1A: infrared ray sensor 1B: infrared ray sensor 2: column portion 3: membrane 6: reinforcement rib portion 6 a: rib portion 7: divisional membrane 8: connection membrane 11: upper electrode layer 12: pyroelectric layer 13: lower electrode layer 20A: sensor array 20B: sensor array 21: frame portion 25: stem-shaped portion W: silicon substrate.

Claims

1. A MEMS sensor comprising:

a membrane with sensitivity as sensor in a polygon supported by a support portion, the membrane having a reinforcement rib portion made up of a plurality of radially extending rib portions and a plurality of divisional membranes that are constructed between adjacent two rib portions and formed in a polygonal shape with the two rib portions as two sides, and the MEMS sensor constituting each element of a sensor array.

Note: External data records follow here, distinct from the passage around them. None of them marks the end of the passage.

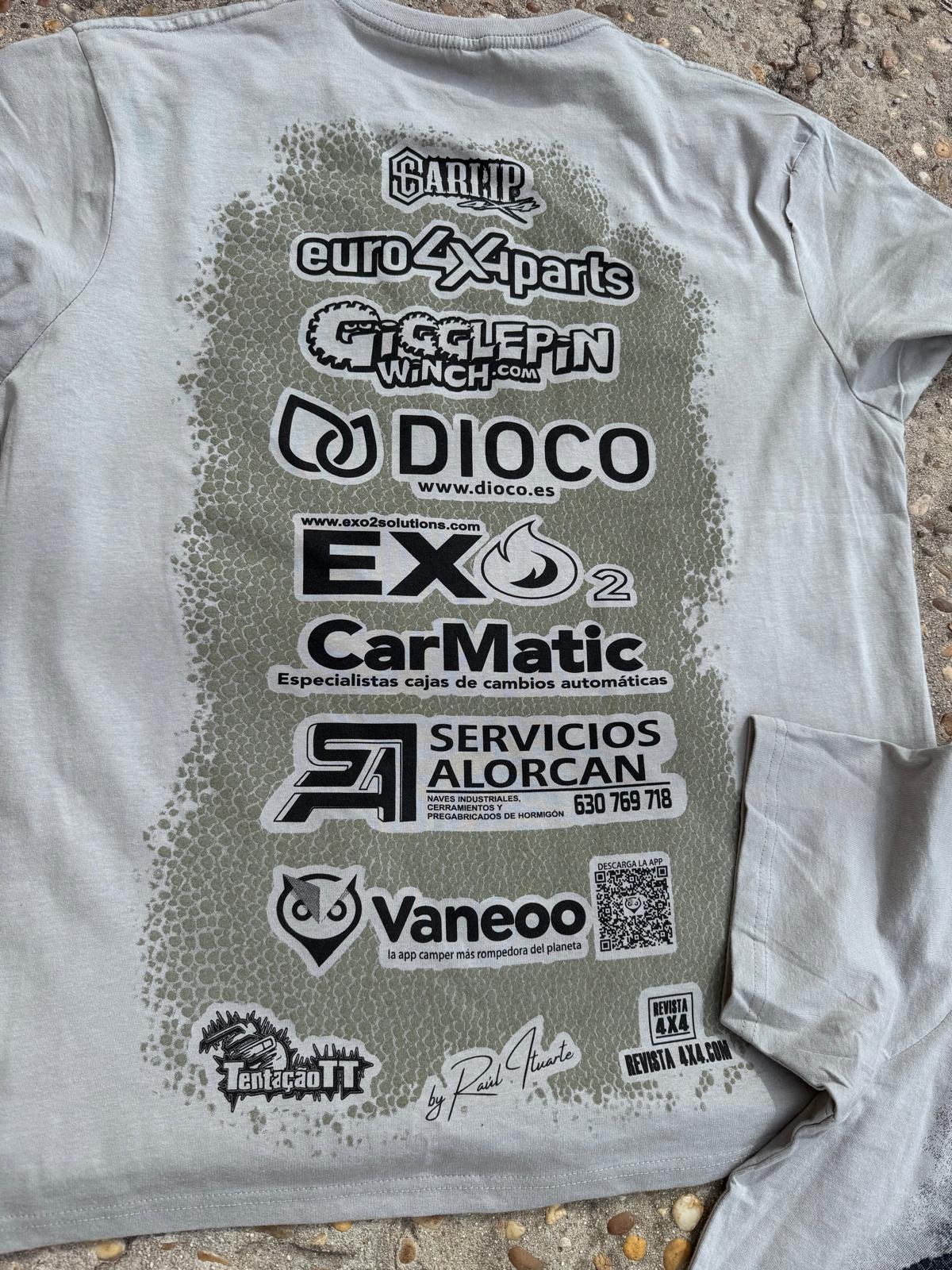 Camiseta oficial I Extreme 4x4 Beas de Segura 2026.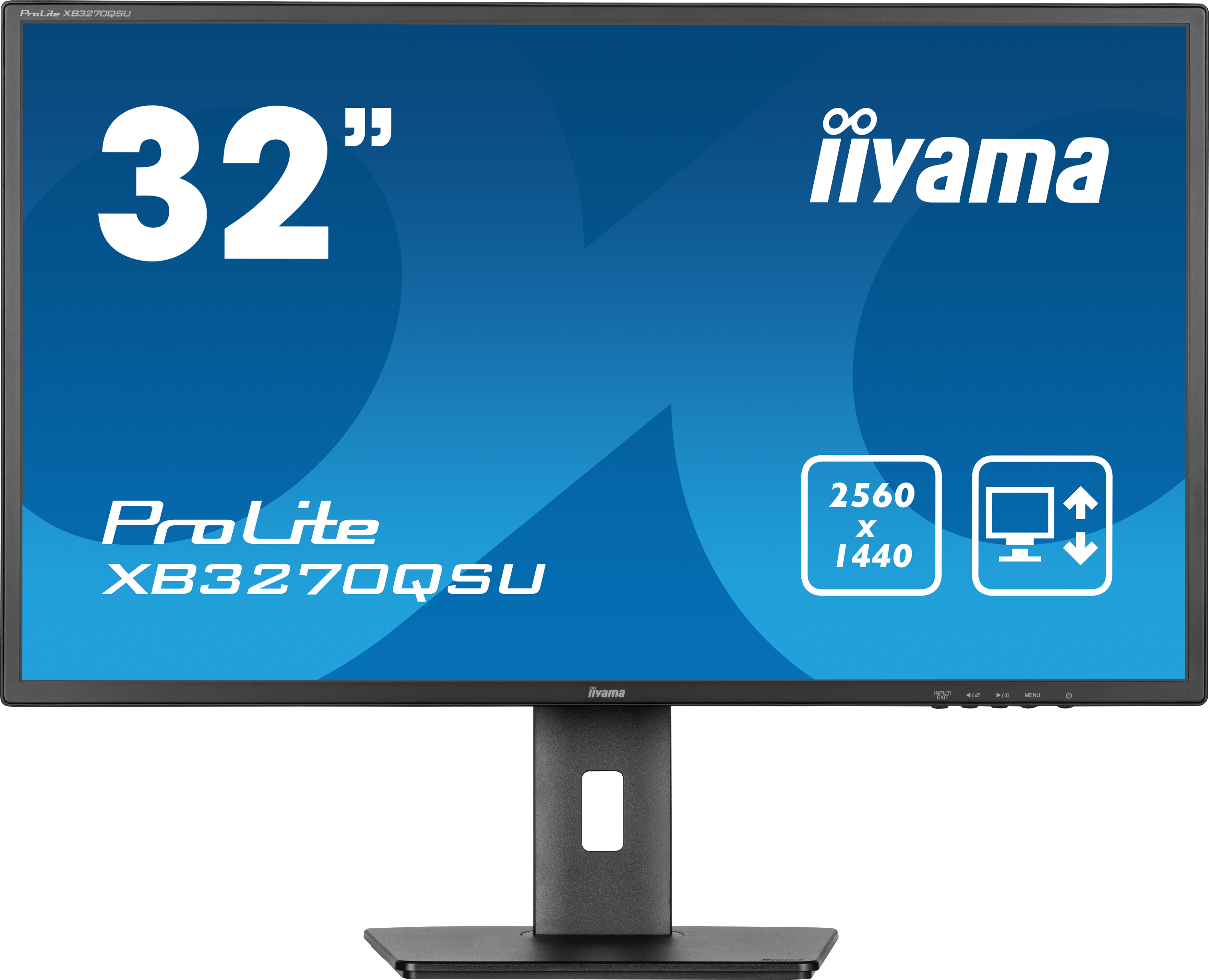 iiyama ProLite XB3270QSU-B1 80 cm (31.5") schw.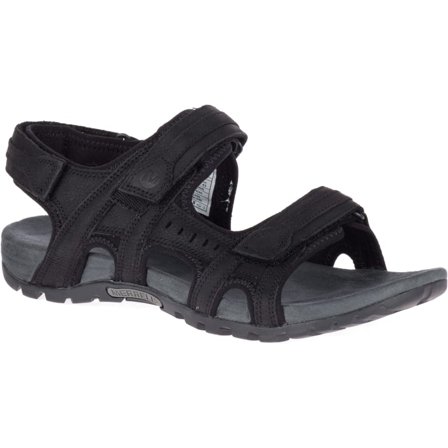 Merrell Men's Sandspur Lee Backstrap Men sandals Black 44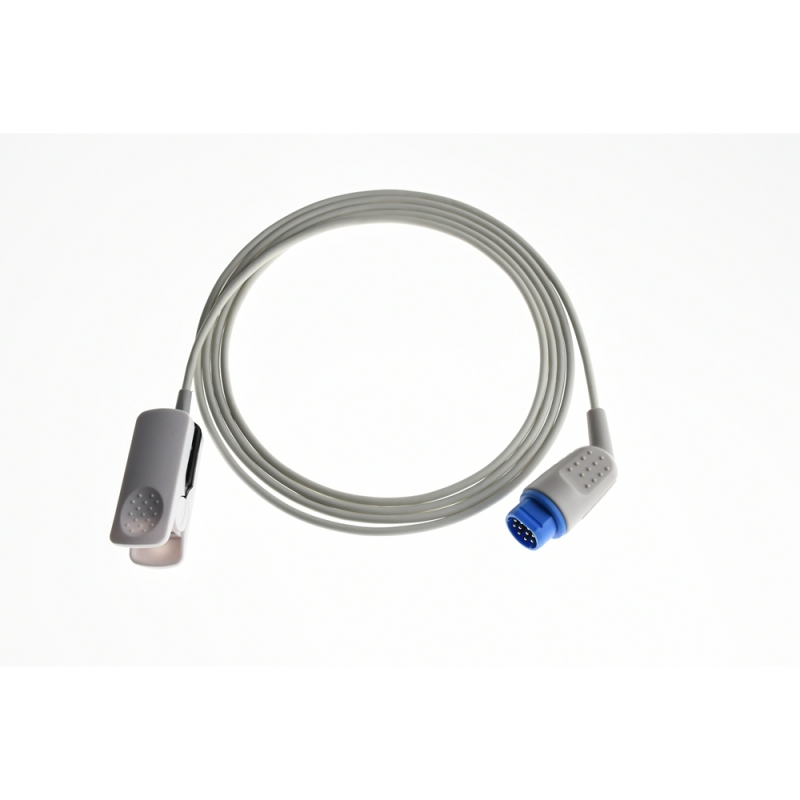 Kontron 12 Pin Medical Oxygen Probe SPO2 Sensor for Oxygen Saustaion Sensor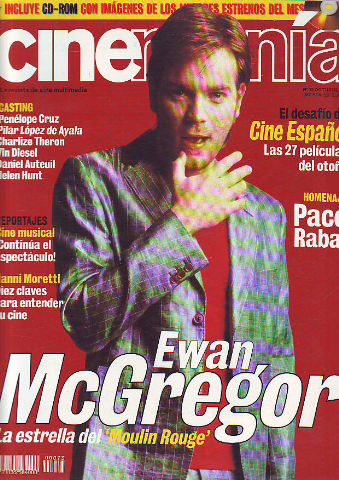 CINEMANIA. Nº 73, OCTUBRE 2001.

2. The MEMS sensor according to claim 1, wherein the adjacent two divisional membranes are connected to the two rib portions in different flat surfaces respectively.

3. The MEMS sensor according to claim 2, wherein one of the adjacent two divisional membranes is connected to a front end portion of the two rib portions in a width direction and the other is connected to a back end portion of the two rib portions in the width direction.

4. The MEMS sensor according to claim 1, wherein length between the adjacent two divisional membranes in a front and back direction is longer than thickness of the membrane.

5. The MEMS sensor according to claim 1, wherein the polygon to be a shape of the divisional membrane is either a triangle or a quadrangle.

6. The MEMS sensor according to claim 1, wherein the membrane is formed by laminating an upper electrode layer, a pyroelectric layer and a lower electrode layer.

7. A sensor array comprising a plurality of MEMS sensors disposed in a planar surface as set forth in claim 1, a connection rib portion connected to the two rib portions is formed at a connection portion of adjacent two MEMS sensors.

8. A sensor array comprising a plurality of MEMS sensors disposed in a planar surface as set forth in claim 2, a connection rib portion connected to the two rib portions is formed at a connection portion of adjacent two MEMS sensors.

9. A sensor array comprising a plurality of MEMS sensors disposed in a planar surface as set forth in claim 3, a connection rib portion connected to the two rib portions is formed at a connection portion of adjacent two MEMS sensors.

10. A sensor array comprising a plurality of MEMS sensors disposed in a planar surface as set forth in claim 4, a connection rib portion connected to the two rib portions is formed at a connection portion of adjacent two MEMS sensors.

11. A sensor array comprising a plurality of MEMS sensors disposed in a planar surface as set forth in claim 5, a connection rib portion connected to the two rib portions is formed at a connection portion of adjacent two MEMS sensors.

12. A sensor array comprising a plurality of MEMS sensors disposed in a planar surface as set forth in claim 6, a connection rib portion connected to the two rib portions is formed at a connection portion of adjacent two MEMS sensors.